A journalist travels to a remote village to investigate supernatural happenings in this suspenseful horror. Sota (Soko Wada) works at a magazine specialising in extreme content. While he wants to expose the truth about the stories he covers, his boss is more interested in selling exciting stories to increase sales. His boss suggests Sota take on a case involving a drowning victim who was discovered without any internal organs. While sceptical at first, Sota takes the job, travelling to meet the mortician who performed the autopsy, who informs him that the child appears to have never had organs. When this body then returns to life and flees, Sota travels to the remote village of Hinoemura to look into the circumstances surrounding a previous mystery. Years earlier a group of children disappeared on a school trip in the area; but it seems that some of them still roam the woods nearby. Whether ghosts or something more sinister, Sota has no choice but to follow the trail of clues, finding an elderly couple who remained behind in the village along with their son Sadohiro, and who are repeatedly visited by the vanished children.
Based on a short story by Hideyuki Kikuchi, director Makoto Tanaka, who also wrote the screenplay, develops an intriguing horror mystery. In the opening scenes we see an old man mourning his wife’s death when the figure of a child begins tapping on the opaque glass of the door asking to be admitted. It draws in the audience to question exactly what is going on, layering the mystery with the disappearance of the group of children; the body without organs; the existence of unaging children; and a figure who seems to want to kill these children, melding the best of the detective and horror genres. The film falls off significantly after the revelation of what is actually happening, the special effects and rush to the ending not doing justice to the slow build and quietly suggestive horror of the preceding investigation. Soko Wada’s Sota is a likeable protagonist, a typical skeptic drawn into a world of unnatural terrors, although there are hints of a paranoia that are not fully developed. Similarly, the film largely leave the characters as shallow archetypes, instead focussing on creating an eerie atmosphere. When it is at its best, in the dread-filled silences and disturbing peculiarities of Sota’s investigation, it does create a suitable unsettling tone. This is aided by Koji Endo’s score of low strings and ghostly woodwind.
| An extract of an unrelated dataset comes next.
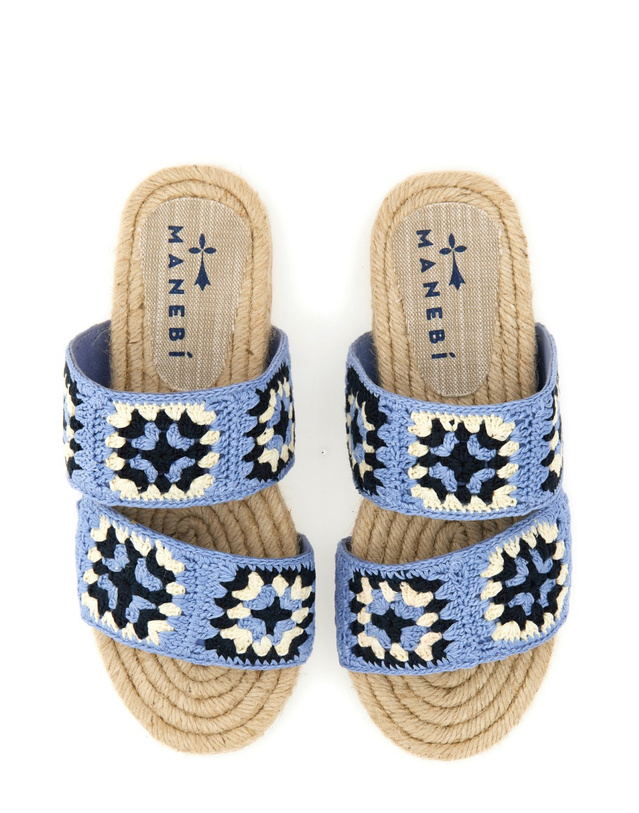 마네비 [해외직구][마네비]JUTE 플랫슈즈 P4.3Y0_COTTONCROCHETINDIGOANDNAVYBLUETWOBANDS 7541842 착용컷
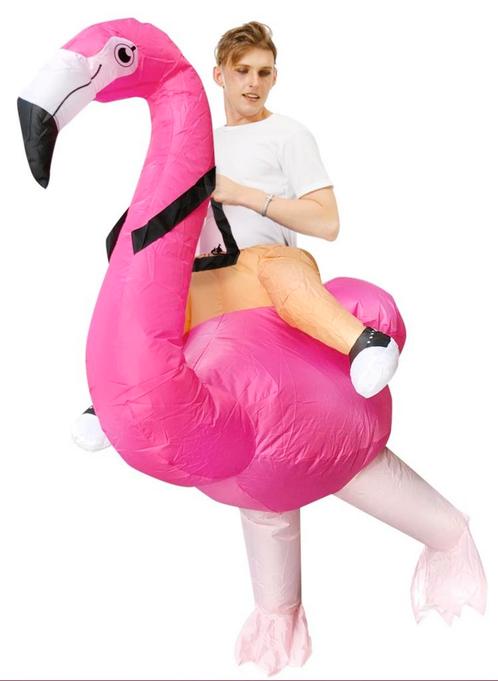 KIMU® Opblaas Kostuum Rijdend op Flamingo Opblaasbaar Pak Fl, Vêtements | Femmes, Costumes de carnaval & Vêtements de fête, Enlèvement ou Envoi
“The Vanished” plays on several tropes of traditional horror: vanished children and supernatural forces. Rather than the usual child ghosts, this film takes on post-mortem demonic posession, with the children being used as bait to lure out others. We also see the difficulty of the bereaved adults to let go of their children, or accept that they are gone. This underlying tragedy provides a degree of emotionality to the standard supernatural monsters, but the film shies away from making this more of a central theme. Sota also feels like a character that should have been more developed. We see briefly following the conclusion of the mystery that he is suffering from a sort of paranoia and visions of his own. It almost feels as if this is an idea that should have been developed in a sequel, as the skeptic suffering doubts about the nature of his reality, but instead it is thrown away as a cheap topper to the main story. Overall, “The Vanished” offers a fun mystery-horror that builds tension and an intriguing story, but is let down by a resolution that fails to tie together the various ideas suggested by the premise.